Closed mmchougule closed 5 years ago

mmchougule commented 7 years ago

I am following this tutorial to enable jwt authentication in my express API. https://jonathanmh.com/express-passport-json-web-token-jwt-authentication-beginners/

If I use a standard username/password authentication, I am able to use JwtStrategy to authenticate the JWT Token that I receive in the request header. jwt.sign() happens on the user id and secret. All of this works fine.

When I try to modify this code to verify the id_token (JWT Token signed using RS256) from OpenID Connect, then I get 401 Unauthorized no matter what. I tried to debug in the JwtStrategy method and it looks like the request doesn't even go inside that function. This id_token appears to be a lot longer than the one signed with HS256 algorithm.

A simple passport.authenticate call app.get('/callback', passport.authenticate('jwt', { session: false }), function(req, res, next) { });

Can someone please explain why it doesn't even recognize my token?

flouc001 commented 7 years ago

Probably a silly question but what <type> do you have set in your Authorization header? Your header should look like:

Authorization: JWT <token>

mmchougule commented 7 years ago

My header values look like this: authorization:jwt eyJhbGciOiJSUzI1NiIsInR5cCI6IkpXVCIsImtpZCI6IkpSY080bnhzNWpnYzhZZE43STJoTE80...........

screen shot 2017-06-13 at 9 01 43 am
flouc001 commented 7 years ago

@mmchougule It may not be the same situation but my Authorization header type was case sensitive. You are receiving lower case, I am having to use upper case, therefore my request looks like this:

Authorization: JWT <token>

AlexQianjin commented 7 years ago

Today I tried to use passport-jwt(version: 2.2.1), passport(version:0.1.3) and jsonwebtoken(version:7.4.1) to config the jwt authorization. When I sent the GET request, the response was always Unauthorized. I followed all the instructions and spent about two hours on this problem, it wasn't resolved. So I tried another jwt passport middleware called passport-http-jwt-bearer, it works fine. I don't know the reason. Maybe it has some compatibility issues with the latest packages. Here is my demo

linonetwo commented 7 years ago

Me too, parse from body is fine.

mikenicholson commented 7 years ago

@AlexQianjin can you provide a succinct demo that demonstrates the issue - something thatI could just curl a single endpoint and debug?
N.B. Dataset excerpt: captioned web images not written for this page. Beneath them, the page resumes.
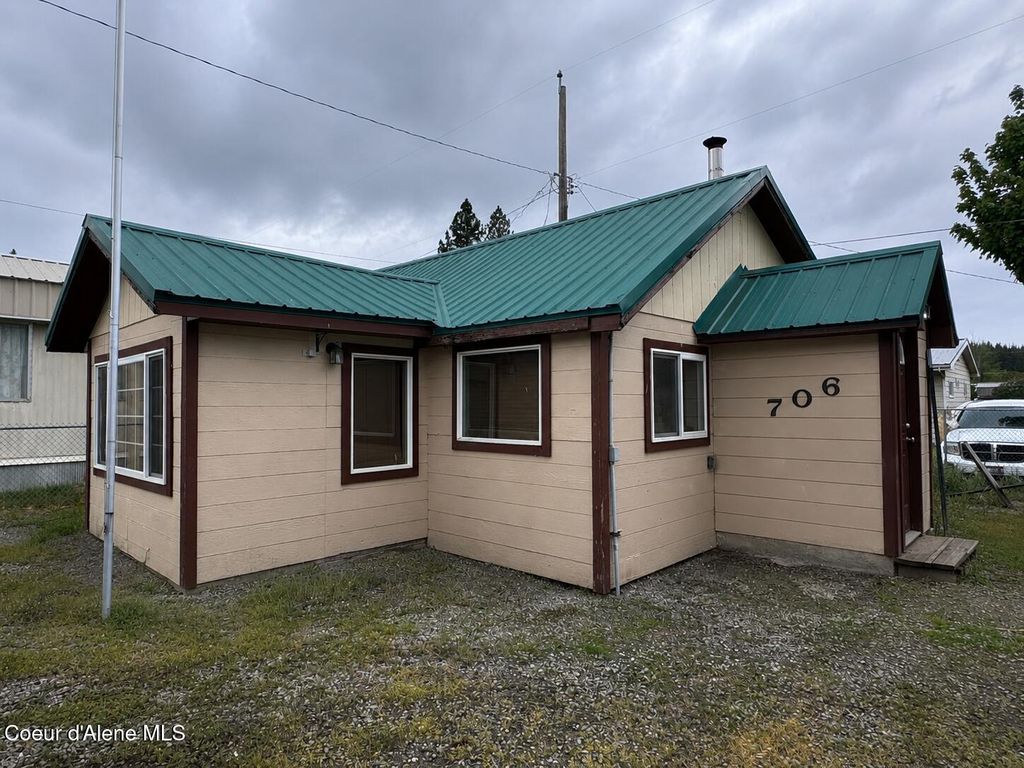 Photo of 706 B St, Pinehurst, ID 83850 (MLS # 26-5053)
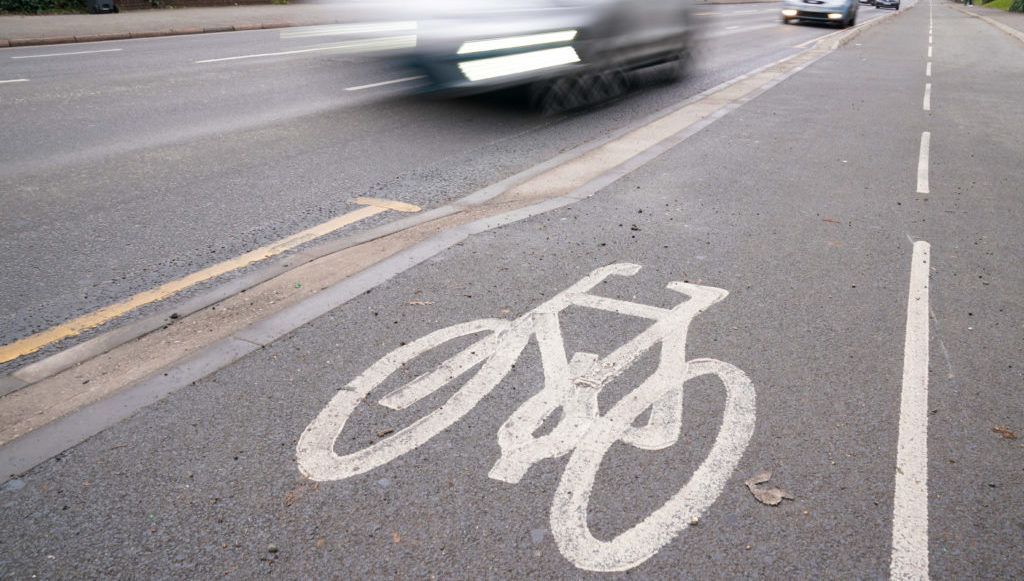 Cyclist who says he was knocked off bike in Dublin sues Bus Éireann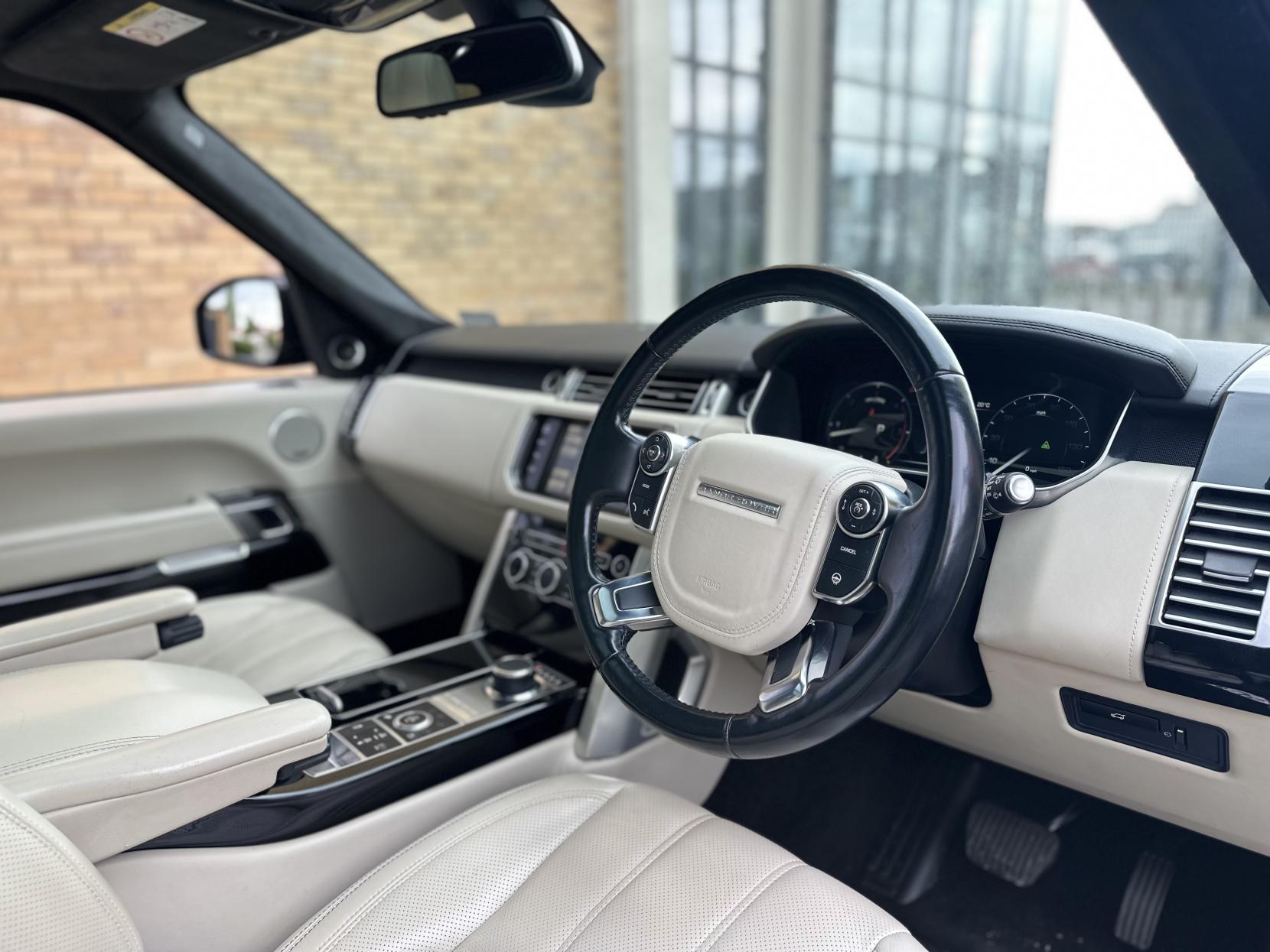 Land Rover Range Rover 4.4 SD V8 Autobiography SUV 5dr Diesel Auto 4WD Euro 5 (339 ps)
AlexQianjin commented 7 years ago

@themikenicholson I forgot how I met that problem. So I tried to reproduce it following the tutorial link mentioned by @mmchougule. It works fine and here is my succinct demo. Thanks for your reply!

mmchougule commented 7 years ago

If I follow the code from that tutorial then it works fine. We are generating JWT token ourselves with the username and password in that. My case is that I have the RS256 signed JWT token from an OpenID Connect provider and when I send it over to my express code, the JwtStrategy code doesn't get triggered in this case. I just wrote similar middleware code without using the passport strategy and it works now.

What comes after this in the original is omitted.